La vida ante sí de hecho es una segunda adaptación – remake de la cinta francesa de 1997 ganadora del Oscar, conocida como “Madame Rosa”, con ciertos cambios argumentales que como en su momento a Simone Signoret, ahora permiten el lucimiento de Loren dentro de un papel que se adhiere perfectamente a su carrera. Como si se tratase de un epílogo, Madame Rosa es una sobreviviente de la Segunda Guerra Mundial (de los campos de concentración de Auschwitz) y una exprostituta que se dedica a tener un hogar para cuidar a niños de otras prostitutas. El papel como víctima, superviviente o testigo de la guerra, fue un recurrente trabajo de Loren en todo contexto y forma en su época dorada y clímax como actriz, lo que permite aquí no solo demostrar una brutal naturalidad gracias a su talento, sino también por la evolución de “ese personaje”.
Pero dicha naturalidad por sí sola no funcionaría, y es ahí donde entra el personaje de “Momo”, niño senegalés huérfano que formará un vínculo profundo con Madame Rosa y en donde Ponti, a pesar de manejar un relato cliché, convencional y predecible, acierta al centrar las virtudes de su relato en dicha relación. Loren y el niño actor Ibrahima Gueye resuelven dicho elemento con una química virtuosa que incluso evita la “lagrima fácil” para llevar su relación a un puerto entrañable, donde las emociones se perciben reales y la transmisión de las mismas pudiera causar honestas lágrimas por parte del espectador en su acto final.

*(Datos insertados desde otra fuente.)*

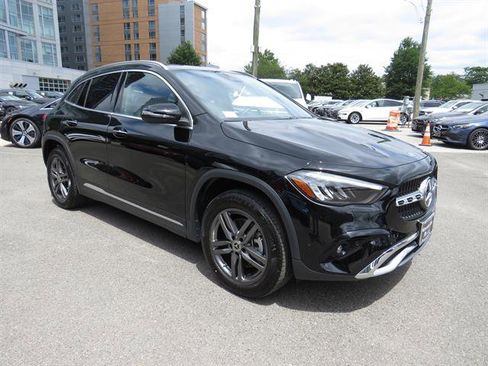 Used 2026 Mercedes-Benz GLA 250 4MATIC image 5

Otro de los aciertos del guion –adaptación, es que Ugo Chiti y Ponti mantienen su historia simple y sin muchos elementos o personajes alrededor de la Madame y su Momo, dejando que todo el peso recaiga en su química y en la estructura de ambos, tan compleja como trágica, pero al mismo tiempo cautivante y muy palpable.

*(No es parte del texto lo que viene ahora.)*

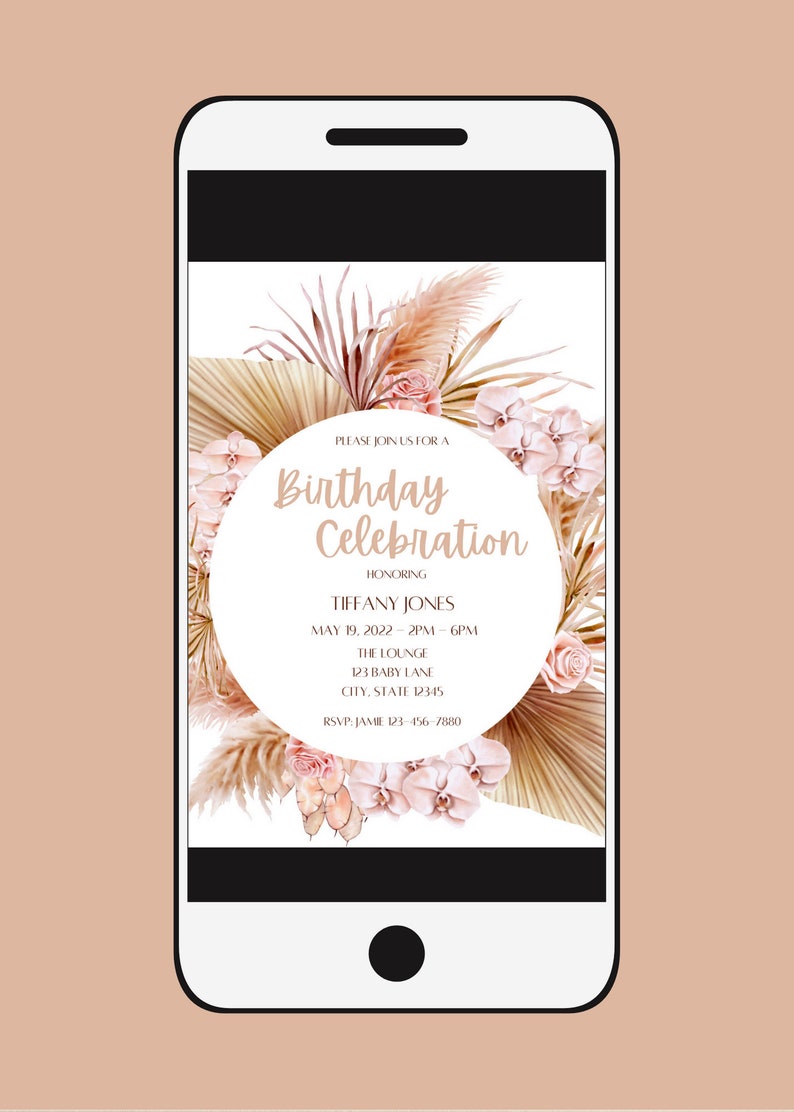 Pode incluir: Um convite digital para uma celebra&ccedil;&atilde;o de anivers&aacute;rio com um design floral que inclui orqu&iacute;deas e rosas cor-de-rosa, folhas de palmeira secas e um c&iacute;rculo branco com o texto "PLEASE JOIN US FOR A Birthday Celebration HONORING TIFFANY JONES MAY 19, 2022 - 2PM - 6PM THE LOUNGE 123 BABY LANE CITY, STATE 12345 RSVP: JAMIE 123-456-7880".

Una grata, sencilla y hermosa sorpresa fílmica, el instinto de personaje, la fuerza, belleza y naturalidad de Loren ensalzan un ejercicio que en manos de otra actriz y cualquier director hubieran sido otro patético melodrama de Hallmark. Con asomos del neorrealismo italiano (el mayor defecto de Ponti es adaptar dicha corriente a los convencionalismos dramáticos de Netflix – televisión), un ritmo y personajes bien estructurados, vale la pena celebrar el regreso de una leyenda de esta forma.